Millen Aletta M E, Libhaber Carlos D, Majane Olebogeng H I, Libhaber Elena, Maseko Muzi J, Woodiwiss Angela J, Norton Gavin R
aCardiovascular Pathophysiology and Genomics Research Unit, Schools of Physiology bDepartment of Medicine, Faculty of Health Sciences, University of the Witwatersrand, Johannesburg, South Africa *Aletta M.E. Millen, Carlos D. Libhaber, Angela J. Woodiwiss, and Gavin R. Norton contributed equally to the writing of this article.
J Hypertens. 2014 Dec;32(12):2457-64; discussion 2464. doi: 10.1097/HJH.0000000000000330.
To determine whether blood pressure (BP) or an excess adiposity, both frequently observed comorbidities that independently relate to left ventricular diastolic dysfunction (LVDD), have a greater impact on LVDD at a community level.
We assessed the relative independent impact of an excess adiposity versus BP on indices of LVDD as determined from the ratios of early-to-late transmitral blood flow velocity (E/A) and E/the mean of lateral and septal wall myocardial tissue lengthening at the level of the mitral annulus (e'; (E/e') in 417 randomly recruited participants of a community-based study with a high prevalence of excess adiposity (43% obese and 25% morbidly obese).
In multivariate adjusted models, including adjustments for appropriate BP values (SBP for E/e' and DBP for E/A), waist circumference was independently associated with E/A (partial r = -0.12, P < 0.02) and E/e' (partial r = 0.15, P < 0.005).

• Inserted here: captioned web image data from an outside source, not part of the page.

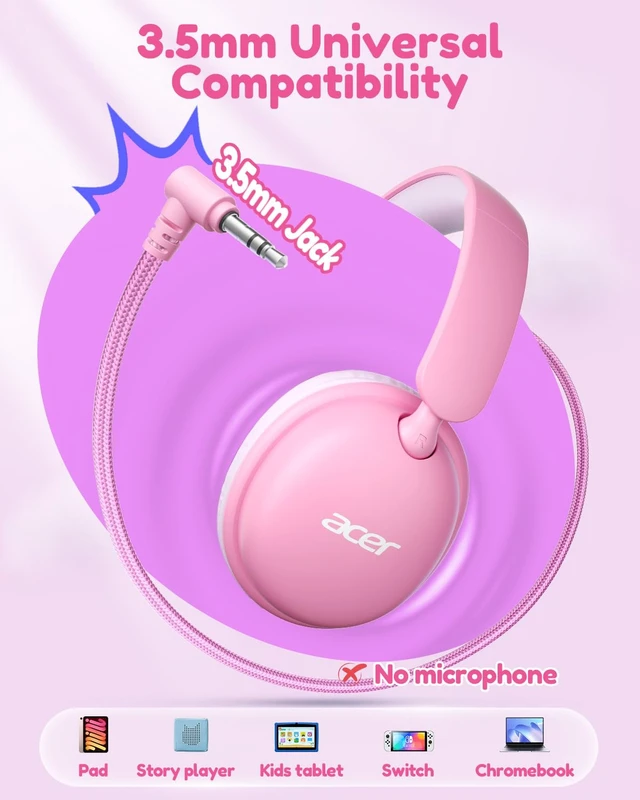 Alt view image 6 of 7 - OHW355 Kids Headphones with Cord for School,Over Ear Wired Headphones 74/85dB Volume Limit, Foldable 3.5mm Jack, Stereo Sound for Tablet/Computer/Travel/Chromebook-Pink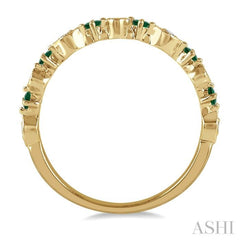 1.8 MM Round Cut Emerald and 1/20 Ctw Round Cut Diamond Precious Half Eternity Wedding Band in 14K Yellow Gold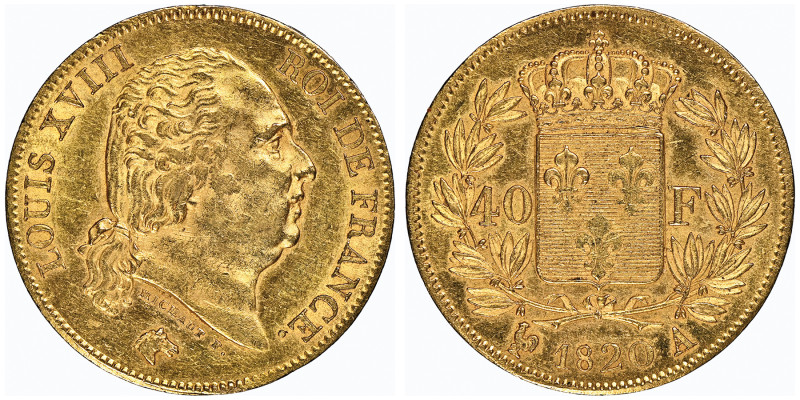 Louis XVIII 1815-1824
40 Francs, Paris, 1820/10 A, AU 12.9 g. Ref : G.1092, Fr. ...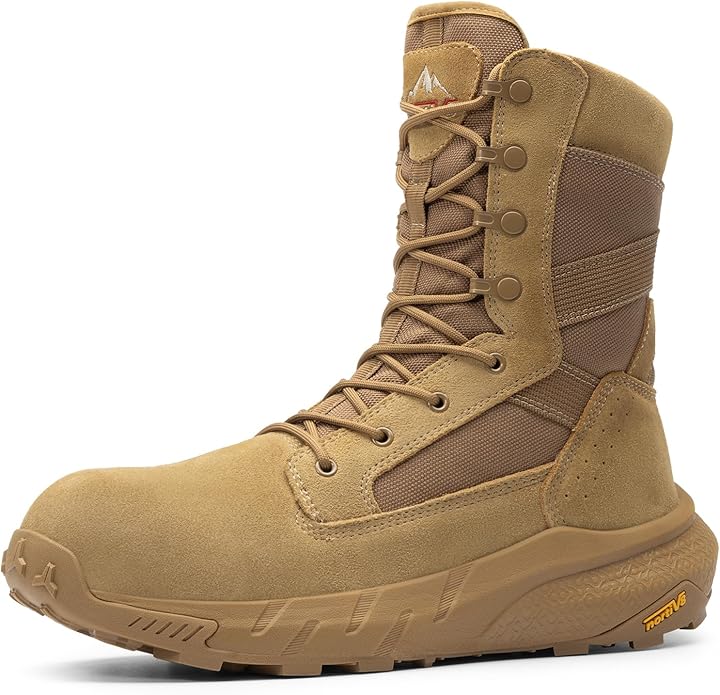 NORTIV 8 Men's 8" Composite Toe Work Boots, Lightweight Side Zipper ASTM F2412-24 & ASTM F2913-24 Safety Military Boots for All-Day Comfort, Peakforce-Nano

In contrast, BMI was independently associated with E/e' (partial r = 0.11, P < 0.05), but not E/A (partial r = -0.09, P = 0.08). In multivariate models, SBP had a greater impact on E/e' (standardized β-coefficient = 0.32 ± 0.05, P < 0.0001) than did waist circumference (standardized β-coefficient = 0.16 ± 0.05, P < 0.005; P < 0.05 for comparison), whereas DBP had a similar impact on E/A (standardized β-coefficient = -0.10 ± 0.03, P < 0.005) as did waist circumference (standardized β-coefficient = -0.10 ± 0.04, P < 0.05). Importantly, whereas SBP was the main factor independently associated with an increased E/e' (≥10) (P < 0.0005), waist circumference was not independently associated with either a decreased E/A (≤0.75) (P = 0.82) or an increased E/e' (≥10; P = 0.15).

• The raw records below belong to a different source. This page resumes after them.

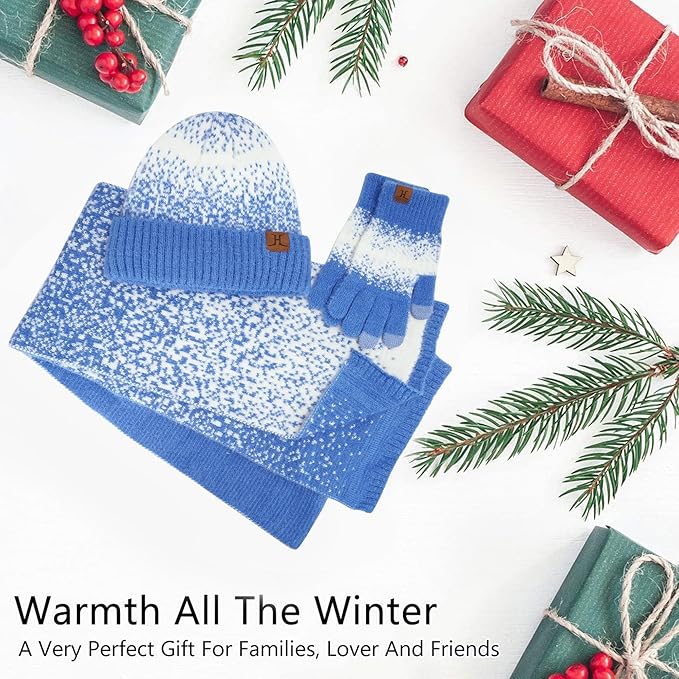 Womens Winter Knit Beanie Hats and Touchscreen Gloves Long Scarf Set with Warm Fleece Lined Skull Caps Scarves for Women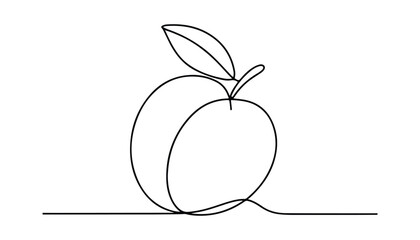 One continuous line illustration of an Peach fruits, isolated on white background.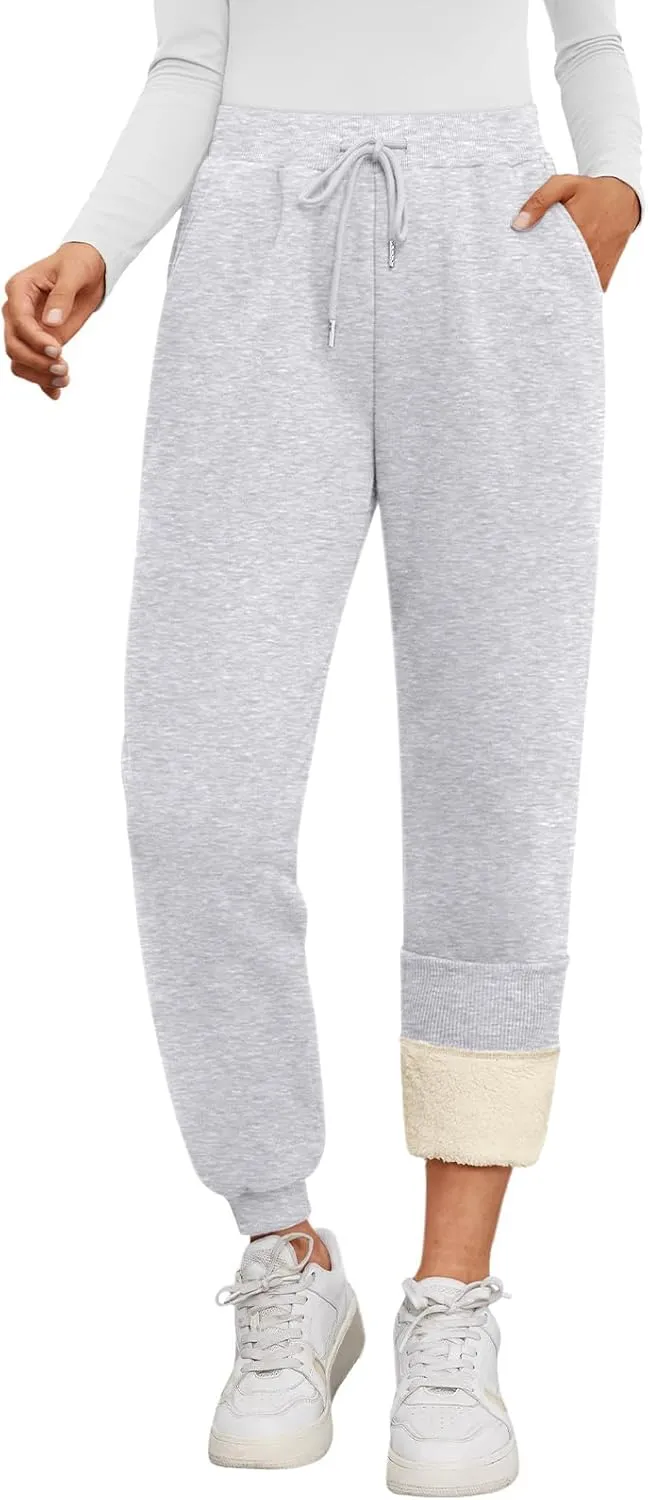 Trendy Queen Sweatpants Women Winter Fleece Lined Clothes Jogger Pants with Pockets Fall Fashion Outfits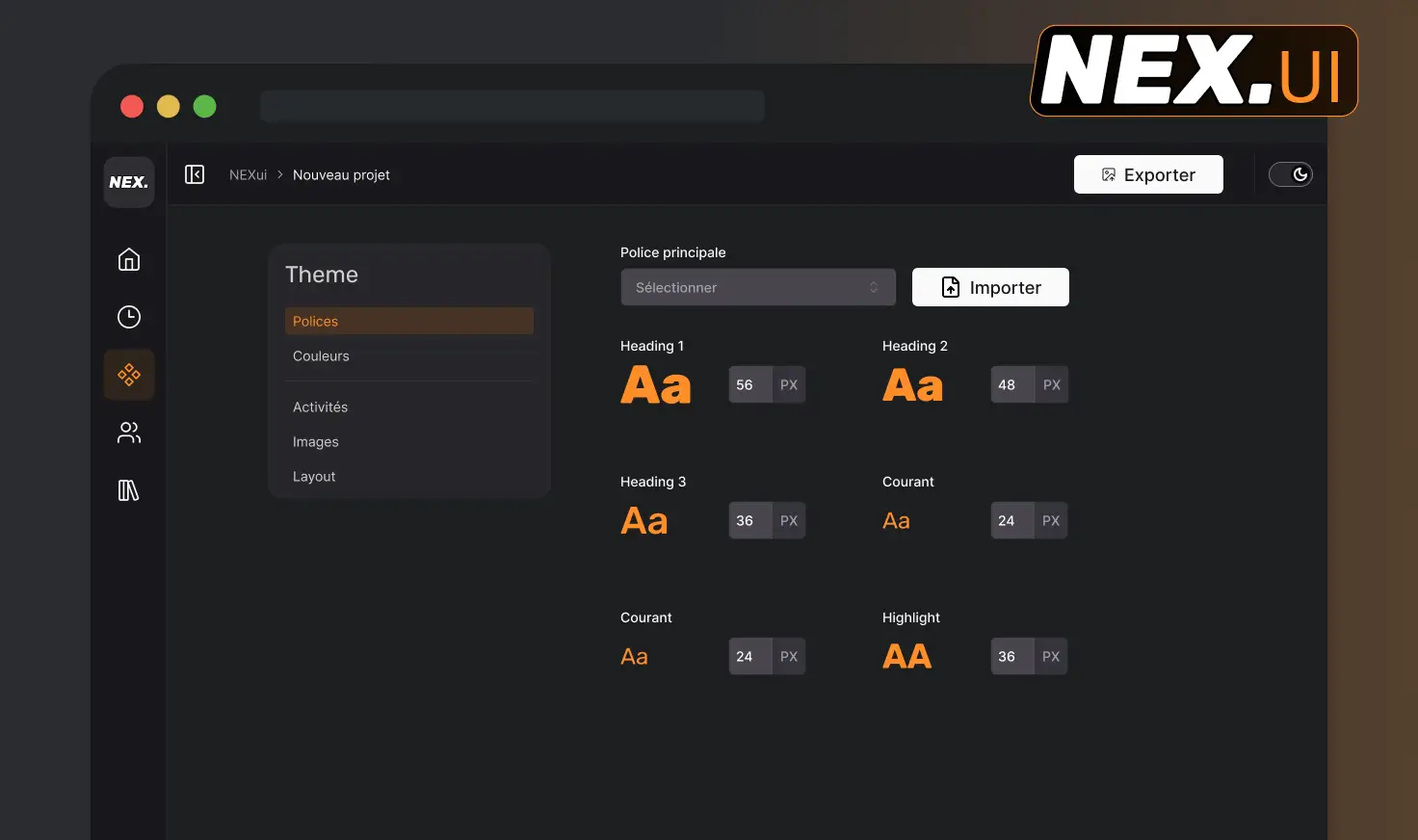 Aperçu de la bibliothèque UI personnalisable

In a community sample with a high prevalence of excess adiposity, BP exceeds obesity as the most important modifiable risk factor for LVDD. These data suggest that in communities with a high prevalence of obesity, if weight loss programmes fail to produce sustainable target body weights, rigorous BP management to lower than normal thresholds may be sufficient to prevent LVDD.
确定血压(BP)或肥胖,这两种常见的合并症均独立与左心室舒张功能障碍(LVDD)相关,在社区层面上对LVDD的影响是否更大。
我们评估了肥胖与血压对LVDD指标的相对独立影响,LVDD指标由二尖瓣血流速度早期与晚期比值(E/A)以及二尖瓣环水平外侧和间隔壁心肌组织延长平均值与E的比值(e';E/e')确定,这417名参与者是从一个肥胖率较高(43%肥胖和25%病态肥胖)的社区研究中随机招募的。
在多变量调整模型中,包括对适当血压值进行调整(E/e'用收缩压,E/A用舒张压),腰围与E/A(偏相关系数r = -0.12,P < 0.02)和E/e'(偏相关系数r = 0.15,P < 0.005)独立相关。相比之下,体重指数与E/e'(偏相关系数r = 0.11,P < 0.05)独立相关,但与E/A(偏相关系数r = -0.09,P = 0.08)无关。在多变量模型中,收缩压对E/e'的影响(标准化β系数 = 0.32 ± 0.05,P < 0.0001)大于腰围(标准化β系数 = 0.16 ± 0.05,P < 0.005;比较P < 0.05),而舒张压对E/A的影响(标准化β系数 = -0.10 ± 0.03,P < 0.005)与腰围相似(标准化β系数 = -0.10 ± 0.04,P < 0.05)。重要的是,虽然收缩压是与E/e'升高(≥10)独立相关的主要因素(P < 0.0005),但腰围与E/A降低(≤0.75)(P = 0.82)或E/e'升高(≥10;P = 0.15)均无独立相关性。
在肥胖率较高的社区样本中,血压作为LVDD最重要的可改变危险因素超过了肥胖。这些数据表明,在肥胖率较高的社区,如果减肥计划未能实现可持续的目标体重,将血压严格控制在正常阈值以下可能足以预防LVDD。